The problem was that she had missed the lessons about applying the solution for a permanent. Because she was working nights and cutting classes the next day. At school she was now on the floor and over the past week she had picked up $7.85 in tips while doing $21.50 worth of work. What she had learned, she had learned well. She was good at dyes and tints and was now into cuts, practicing on the wigs and falls that the Manhattan Beauty College kept on blocks for the students to work on. The customers of the college were all women who worked downtown, older women, mostly, the kind who want rinses and permanents and want them done cheaply. Artha had done a rinse and a tint that morning and she had performed both jobs meticulously. She was not fast, but she was thorough, and speed would come later. What was important now was learning how to do the job right. Everything was going well until this old broad in bifocals came in and demanded a permanent. Artha was the only girl free on the floor. She did not have permanents down yet, but it was worth a try. She put on too much solution. The woman began to complain. Artha got flustered. She was tired, she began to make mistakes. She realized how little sleep she had been getting. First the night in the tank, then last night, trying to make up for it, with a man from Chicago who dealt in pork futures. She had spent the evening with him at the crap tables at the Riviera and then, when she finally got him to his room, he could not get it up. She worked on him for two hours, until 4:30 in the morning. The john was in for $100, but when he could not make it, he demanded $50 back. She had first told him to go fuck himself and then she remembered the night in the tank and returned the $50. Two nights in the tank were two too many. And now this old bitch was complaining about the solution. It was burning her scalp, it was splitting the hair ends. Mr. Luigi ordered Artha off the floor and began to soothe the customer. Her permanent would be free. Mr. Luigi would perform it himself. That old bitch. Fuck her. Fuck the recession. Fuck Nixon.
• • •
Buster Mano filleted a Hostess Twinkie as neatly as if it were a Dover sole. With a butter knife he scooped the cream filling from each half of the cake, leaving a hollow in each like a pitted avocado. Buster never ate the cream in a Twinkie; he claimed the filling made him bind up. His lower intestine was a Dunkirk always waiting to be evacuated and Buster kept up-to-the-minute status reports on the departure readiness of his bowels. He signaled the waitress for a half cup of coffee. Hot and weak. The waitress extracted a pencil from the northern extremities of her lavender-tinted beehive and pondered the order. A half cup, hot and weak.
"I don't know about that," she said. The plastic name tag on her uniform identified her as Reeta.

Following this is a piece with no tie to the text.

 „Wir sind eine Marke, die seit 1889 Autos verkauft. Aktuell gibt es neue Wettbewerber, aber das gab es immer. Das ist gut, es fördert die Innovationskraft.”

"Know about what?" Buster Mano said.
"We don't serve half cups at Denny's."
"A whole cup tends to get cold before you finish," Buster Mano said.

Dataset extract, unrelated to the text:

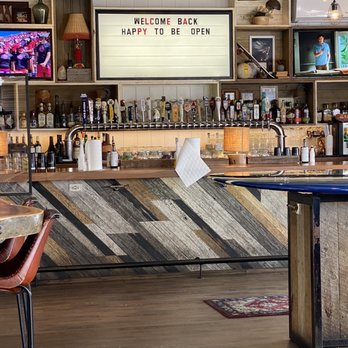 Tower 12 - Bar - Bars Near Me - Hermosa Beach, California Tower 12 - Bar - Bars Near Me - Hermosa Beach, California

"I'd have to charge you for a full cup," Reeta persisted.
"The menu says all the coffee you can drink for the price of a cup," Buster Mano said. "So it doesn't matter if the first cup's a whole cup or a half cup, does it?"
"I guess I never really thought of it that way," Reeta said.

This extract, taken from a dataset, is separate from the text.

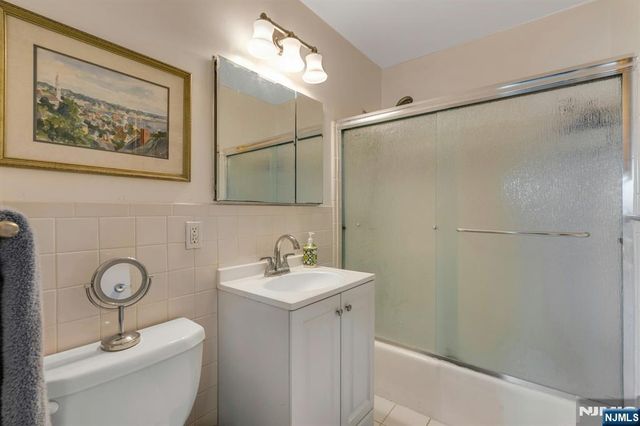 2100 Linwood Avenue 3S, Fort Lee, NJ 07024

"Takes thinking," Buster Mano said. "A half cup, then."
Reeta studied her order pad. "You wouldn't mind if I wrote down a full cup on the check and not a half cup, would you?" she said. "The boss might think it's funny, you know, ordering a half cup."
"Sure thing."
"You're nice. You from Vegas?"
Buster shook his head and mentioned the name of a Midwestern city.
"The nice ones never come from Vegas," Reeta said. "I'm from Fresno and, believe me, have I got a story."
"I bet," Buster Mano said, not unkindly. "The coffee."
"Half cup coming up," Reeta said.
Buster quartered his Twinkie and dunked a quadrant into the half cup of coffee. He closed his eyes as he ate, smiling to himself, and then finally he said, eyes still shut, "Lester Pugh."
I did not realize I was supposed to reply.
Buster opened his eyes and dabbed a piece of Twinkie from his lips. "Lester Pugh," he repeated.
I took the bait. "Who is Lester Pugh?"
Buster Mano smiled. "Lester Pugh," he said, "is a loser."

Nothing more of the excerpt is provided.